Patient volunteers should ask if they’re able to continue getting the drug or treatment once the study ends if it’s been helpful.
And just because you volunteer for a study doesn’t mean you will be accepted to participate. There are guidelines for every clinical trial that take into consideration a wide range of inclusion and exclusion criteria. Age, gender, health, past treatment history and existing medical conditions are all factors that may allow or prevent participation.
If rejected for a trial, you shouldn’t take it personally. Researchers must use inclusion and exclusion criteria to identify appropriate volunteers who can safely participate in the study.
What To Expect
If you meet the criteria to be accepted into a trial and have signed the informed consent form, you may be asked to visit the clinic or hospital where the study will take place. During this time, a staff member will discuss study details and answer any questions you may have.
The amount of time involved and what is required of you can vary widely and will depend on the particular study. You may have frequent physical exams and blood draws for testing, which require regular appointments that typically fall into a narrow window of time, generally three to seven days. These appointments may be days, weeks or months apart. There may be follow-up appointments or contact with the research team after the study ends.
In this day of identity theft, it’s understandable that someone volunteering for a clinical trial wants to know their information will remain confidential. To protect your personal and medical information, your name is not included on test result forms and information that is entered into computer databases for the study. You are identified by a number or code, so researchers analyzing the results don’t see your name and your personal information will never appear in any published study results.
How To Find A Trial
Cancer, Alzheimer’s disease, neurological disorders, infectious diseases and allergies are among the illnesses and conditions frequently studied in clinical trials. If you are already being treated for one of these illnesses or conditions, your doctor may suggest participating in a specific clinical trial.
“Speak with your doctor if you’re wondering whether or not a clinical trial is right for you,” says Soliman.

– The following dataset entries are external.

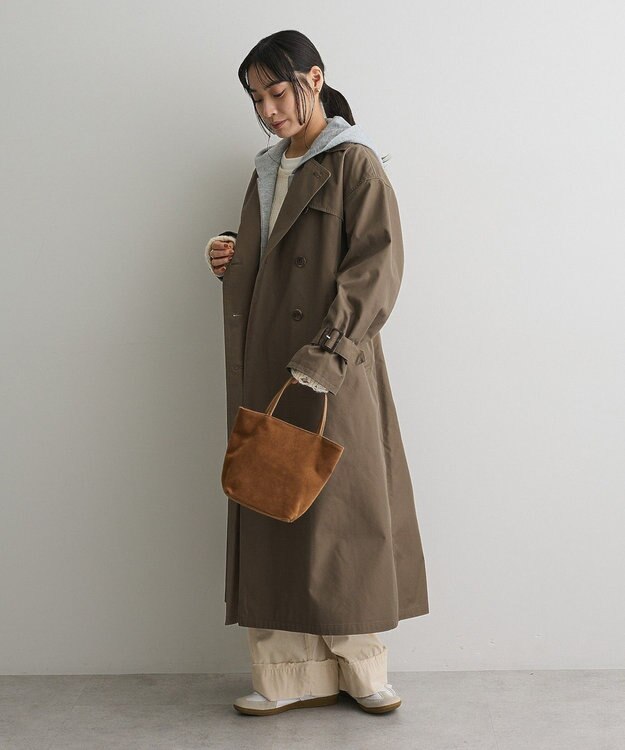 CRAFT STANDARD BOUTIQUE 2WAYフード取り外しトレンチコート Khaki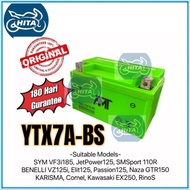 [GEL BATTERY] YTX7A-BS AMT BATTERY GEL FOR MOTOR KARISMA / SM SPORT 110R /ELIT125 / ELIT150 /JETPOWE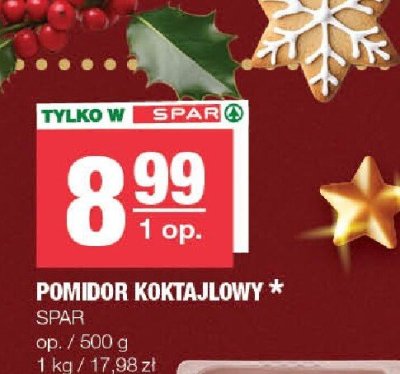 Pomidor koktajlowy SPAR promocja w SPAR
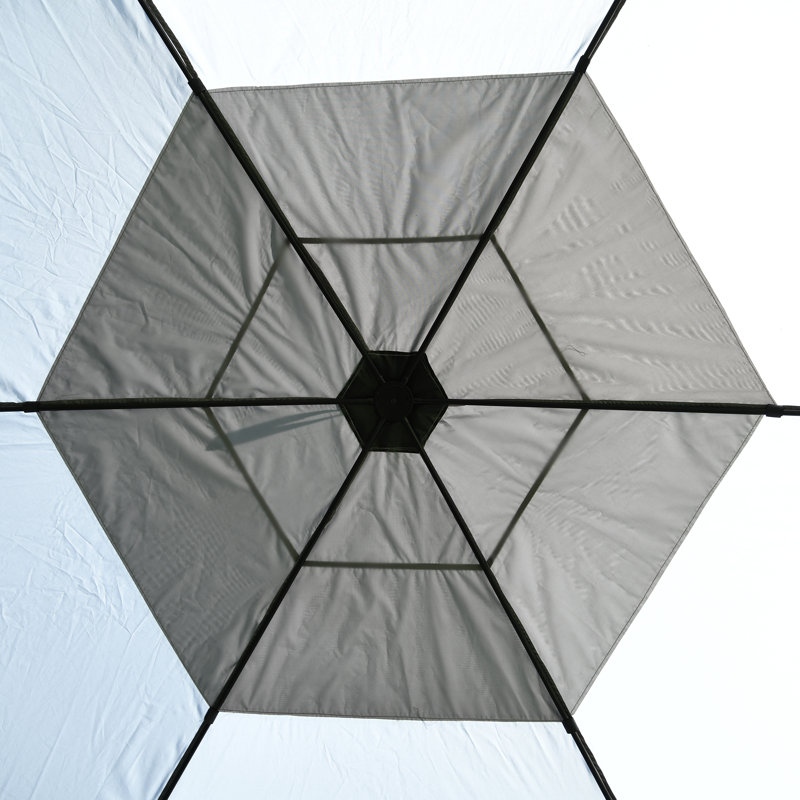 MCombo Gazebo Tent Pop-Up Portable 4/5/6-Sided Hub Durable Screen Tent Netted Gazebo Waterproof Pavilion
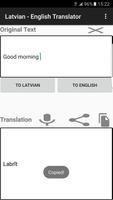 English - Latvian Translator скриншот 1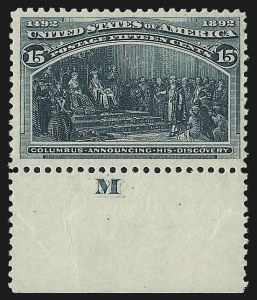 Sale 1007, Lot 2418, 1893 Columbian Issue (1c thru 30c, Scott 230-239)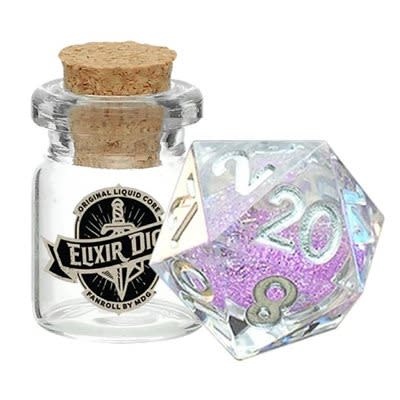 Fanroll D20 Elixir Liquid Core Sorcerous Swirl
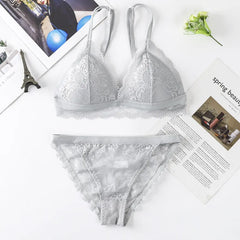 Women Lace Bras Set Backless Bralette Seamless Underwear Lace Top Lingerie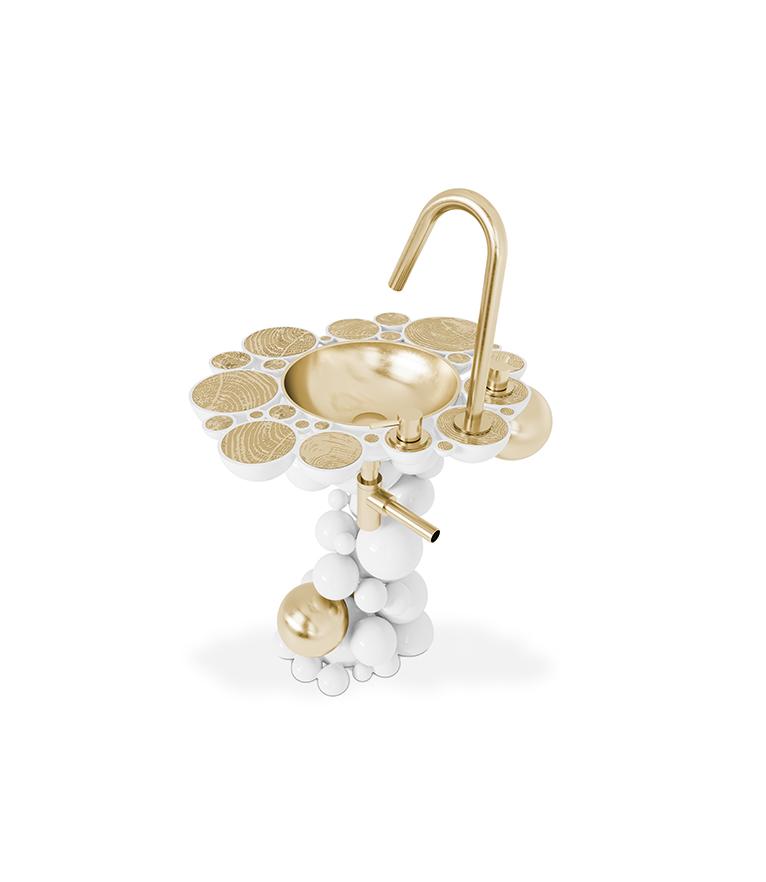 Newton Pedestal Sink - The Physics-Defying in Casted Metal Wonder - Home'Society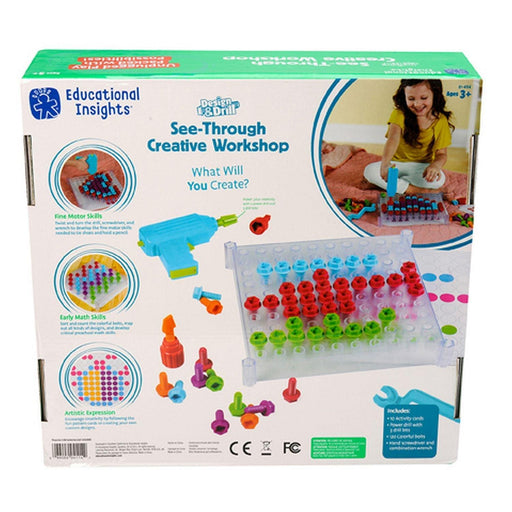 Educational Insights - Design & Drill See - Thru Activ.Centr - Limolin 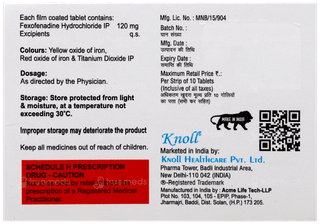 Fexinol 120 Tablet 10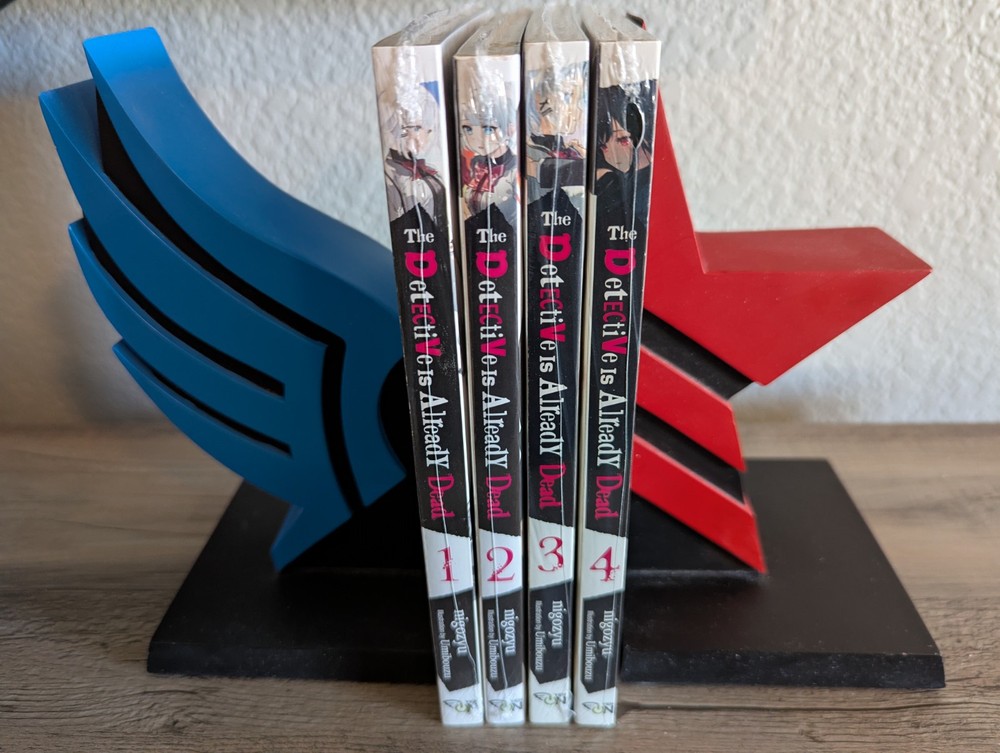 Detective is Already Dead Vol 1-4 English Light Novel Set - New Mugiko Nigozyu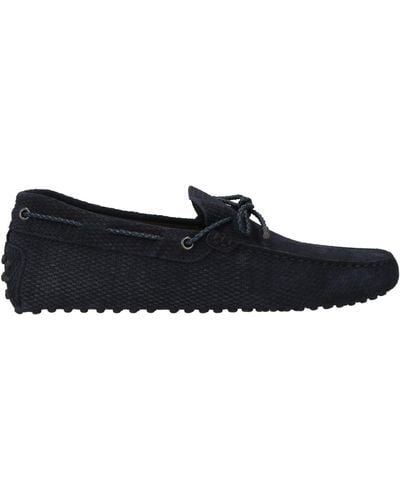 Tod's Midnight Loafers Leather - Blue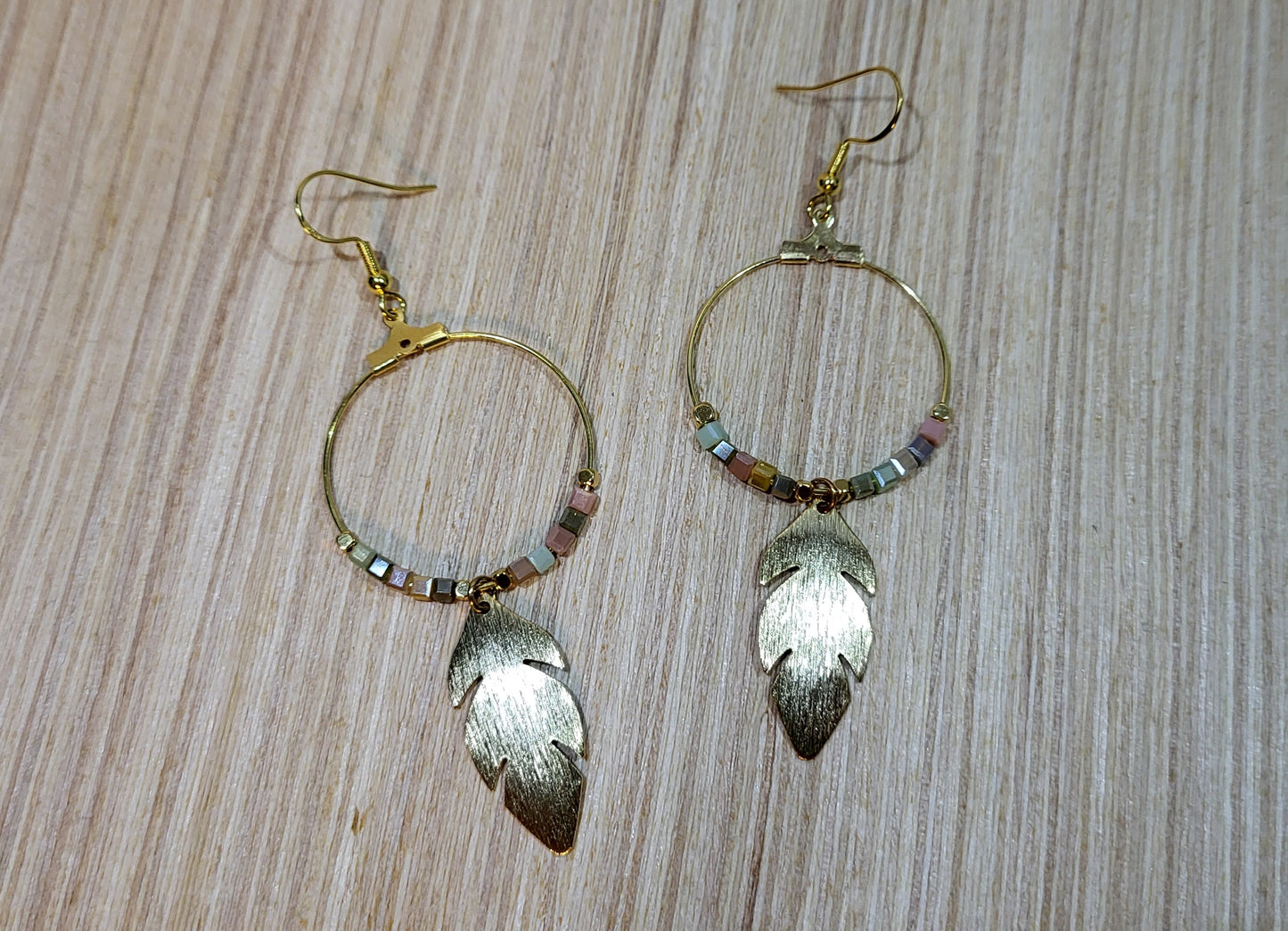 Playing In The Leaves Earrings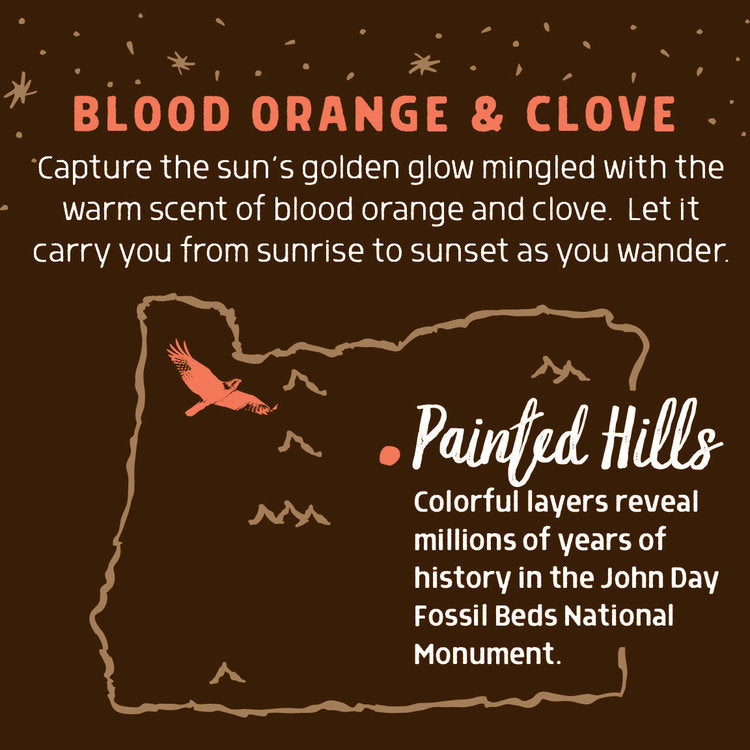 Wild For Oregon Painted Hills Blood Orange & Clove Bar Soap back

You can also find out about clinical trials on your own and contact them directly to see if you meet the criteria for inclusion. Then, you can discuss the details with your health care provider before deciding to join a study.
ClinicalTrials.gov is an excellent resource, as it features a database of federally and privately supported clinical trials in the United States and worldwide. When you visit the website, you can narrow your options by entering a type of condition or illness and location. You can then view the various trials that pertain to your search. The site provides information about the trial’s purpose, who may participate and phone numbers to call for further information.
For cancer trials, visit Moffitt Cancer Center website and click on the “research” tab.
The National Institutes of Health (NIH) conducts clinical research trials for many diseases and conditions at its clinical center in Bethesda, Maryland.
You can also join a national registry of research volunteers. The NIH has funded a free registry, Research Match, to help connect researchers and volunteers looking to participate in clinical research studies. Who knows? You could be part of the process that saves a life—your own, a loved one or someone you may never meet.